Doni Nahmias closed out 2025 on an extremely high note by co-designing the mega viral, ultra coveted merch for Marty Supreme. The 32-year-old set the bar high, but is keeping the momentum going in 2026.
His first big move was a return to Paris Fashion Week to present his namesake label’s first runway show in the city in three years. The 38-look collection of elevated streetwear pieces, titled “Wipeout,” was an ode to the unmistakable swag of California’s skate and surf scenes that Nahmias grew up obsessing over in the ’90s and 2000s.
Did Nahmias bail or stick the landing? From the looks to the set, sound, and more, here is Complex Style’s PFW Report Card for Nahmias Fall/Winter 2026.

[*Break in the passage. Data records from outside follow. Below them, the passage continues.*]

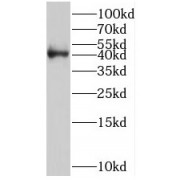WB analysis of human testis tissue, using STAC3 antibody (1/300 dilution).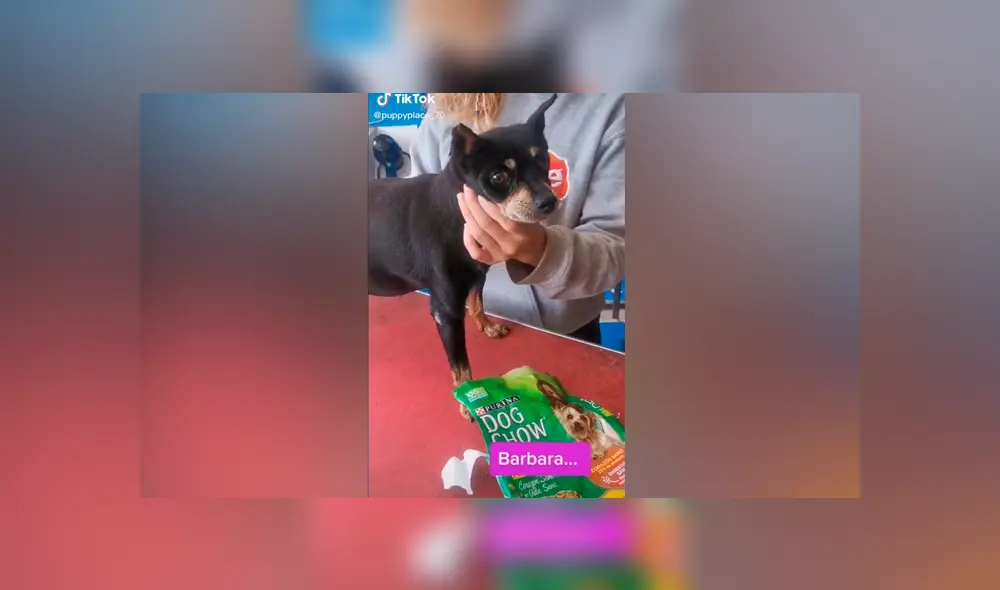 Desliza las imágenes para ver lo que hizo este perrito al ser descubierto con las ‘patas’ en la masa. Foto: Puppyplace /TikTok Desliza las imágenes para ver lo que hizo este perrito al ser descubierto con las ‘patas’ en la masa. Foto: Puppyplace /TikTok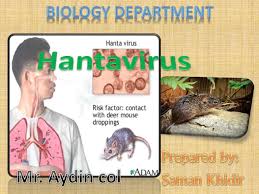 In the early 1990s, there was an outbreak of a mysterious and deadly disease in the. Hantavirus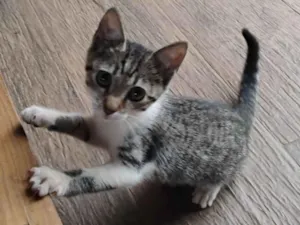 Gato raça SRD-ViraLata idade 2 a 6 meses nome Charlie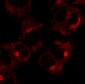 RAB1A Antibody (C-Terminus)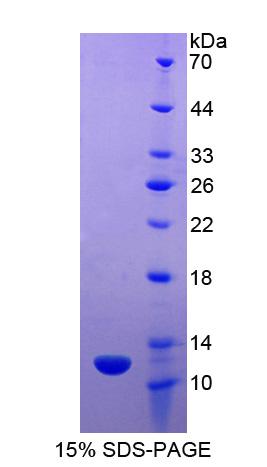 Recombinant Apolipoprotein C2 (APOC2)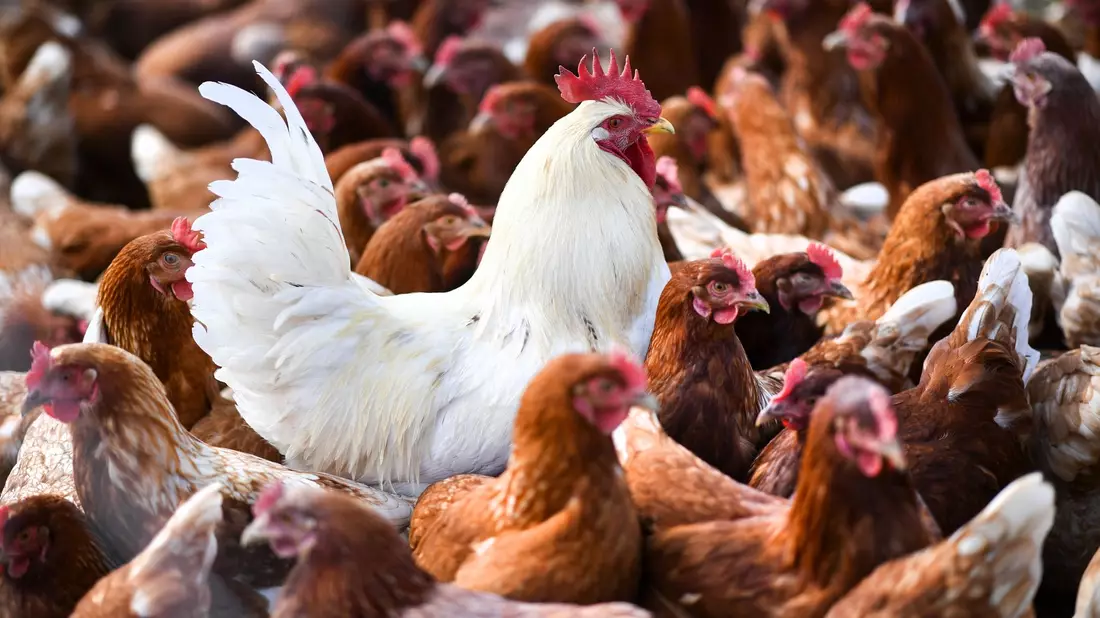 Eine 59 Jahre alte Person sei in Mexiko-Stadt am 25. April nach einer Infektion mit dem Virus A(H5N2), einem Vogelgrippe-Subtyp, gestorben, heißt es in einer Mitteilung der WHO. - Bild: Felix Kästle/dpa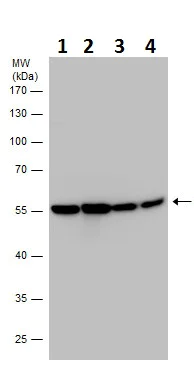 Western blot - Anti-Neuron specific beta III Tubulin antibody - Neuronal Marker (AB229590)
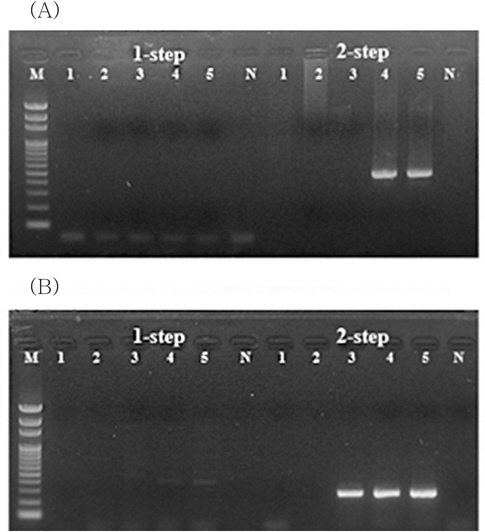 Sensitivity test of HA method for detection of (A) VHSV and (B) IVS-1 in seawater. lane 1-5, concentrate of seawater spiked with VHSV or IVS-1 (0, 0.12, 1.2, 12, and 120 viral particles/ mL seawater respectively) ; M, 100 bp DNA ladder; N, no templatecontrol.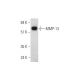 western blotting image from recommended MMP-13 (C-3) monoclonal antibody replacement. Image 344700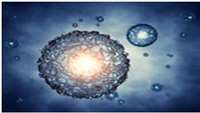 ستاد فرهنگسازی اقتصاد دانش بنیان Scientists Create Monkey Embryo from Stem Cells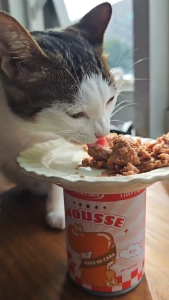 Cat Wet Food Nutritious Cat Mousse 375g Premium Pet Snacks Chicken BreastBeefTuna SalmonHigh-Quality Protein Cat Food Cans For Adult Cats And Kittens 7 Days of Care Pet Supplies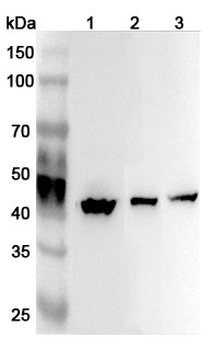 ATP6V1C1 Rabbit Polyclonal Antibody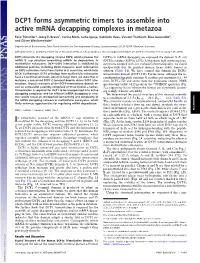 DCP1 Forms Asymmetric Trimers to Assemble Into Active Mrna Decapping Complexes in Metazoa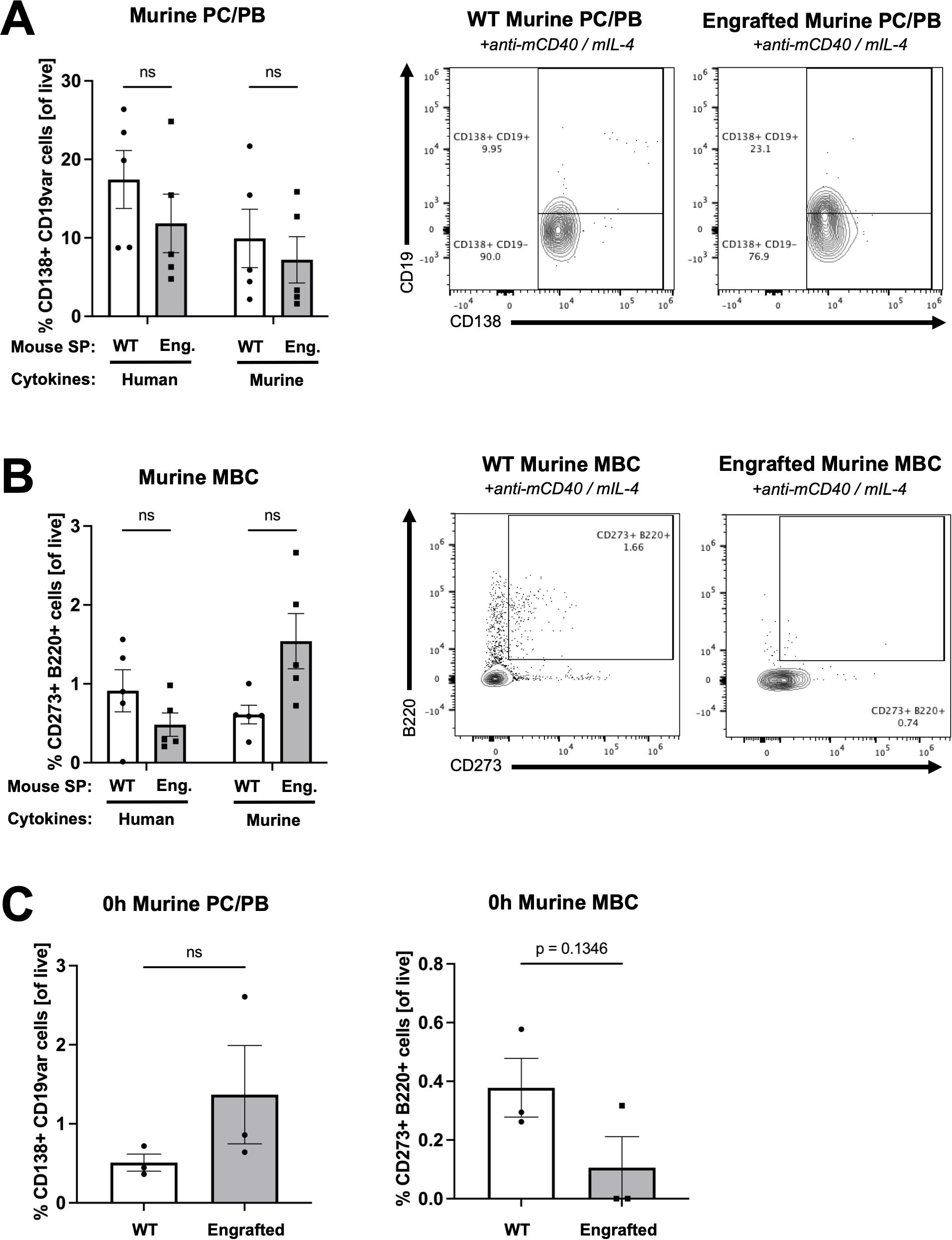 Bar charts and scatter plots show cell percentages from splenocytes of wild-type (WT) and engrafted NSG-SGM3 mice. Panel A: Bar graph and flow cytometry plots comparing murine CD138 CD19var PC/PB cells in WT and engrafted NSG-SGM3 mice. Panel B: bar graph and flow cytometry plots comparing murine CD273+ B220+ murine memory B cells. Panel C: Bar graphs of murine plasma cells / plasmablasts and memory B cells at 0 hours post-harvest in WT and engrafted mice. Statistical notation is present, with “ns” for non-significant differences.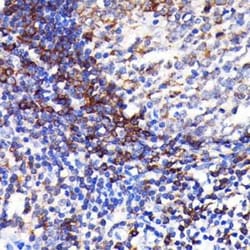 SHP-1 Rabbit anti-Human, Mouse, Rat, Clone: 7I1K3, Novus Biologicals:Antibodies:Primary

Check out our grades for Louis Vuitton Fall/Winter 2026 here, Dior Fall/Winter 2026 here, and an interview with Jaden Smith about his Christian Louboutin debut here.
Nahmias reimagined the typical skate and surf uniforms you see on every block and boardwalk in California, but leveled them up with premium fabrications and intricate details. Baggy khakis featured golden embellishments at the ankle as if they had been dragged in sand. Eisenhower jackets swapped out canvas for wool.
Other looks leaned heavily into the playful vibes through unconventional elements like giant mascot heads inspired by ’90s cartoons drawn by John Massé especially for the show and body paint meant to resemble gnarly sunburn that spelled out “Nahmias” across a shirtless model’s back. One sweater read “Kick Rocks” in colorful letters. A Hawaiian print shirt was flipped into a layered zip hoodie. While some of it felt a bit too gimmicky, it was refreshing to see Nahmias lean heavily into his reference points and have a bit of fun on the runway.
Overall, the range was a perfect representation of the elevated streetwear that Nahmias has become known for, while showing off the range to dabble in more elevated arenas like tailoring and leather outerwear. It’s something that we are excited to see how the brand fine tunes in future seasons.
Nahmias reimagined classic bags like duffels and totes in playful, nostalgic ways. Some featured Massé’s illustrations. Others were covered in doodles and housed crocheted dachshunds, a personal nod to Nahmias’ own pets. Backpacks eqipped with skateboards storage showcased the brand’s ongoing collaboration with the iconic West Coast skate brand Shorty’s.
The footwear offering included cozy daily drivers like brown suede moccasins spruced up with pink laces, Vans-esque low-tops with wavy stacked soles, and multiple colorways of the Speedcat and Suede that were part of Nahmias’ latest Puma collaboration. In true Cali fashion, laid back comfort was the main priority.
Most of the show’s soundtrack came courtesy of a live performance by David D’Amato. The bucket drumming echoed the sounds of a Southern California boardwalk. The show concluded with a rendition of the iconic surfing tune “Wipe Out” by The Surfaris. The music was yet another way that Nahmias transported the show’s guests to his home state.
The clothing was clearly meant to be the main focus. Aside from a large VHS tape at the beginning of the runway that featured the show’s information, the basement of the Palais de Tokyo remained largely untouched.
While the front row wasn’t filled with as many A-list names as you’d see at Louis Vuitton or Dior, it still packed the venue with a wide range of recognizable names, from social media creator-turned-musician Chase “Huddy” Hudson to West Coast rap legend 03 Greedo. Our personal favorite guest was Ollie, the show’s cartoon-headed mascot that could be seen bobbing along to the music throughout the presentation.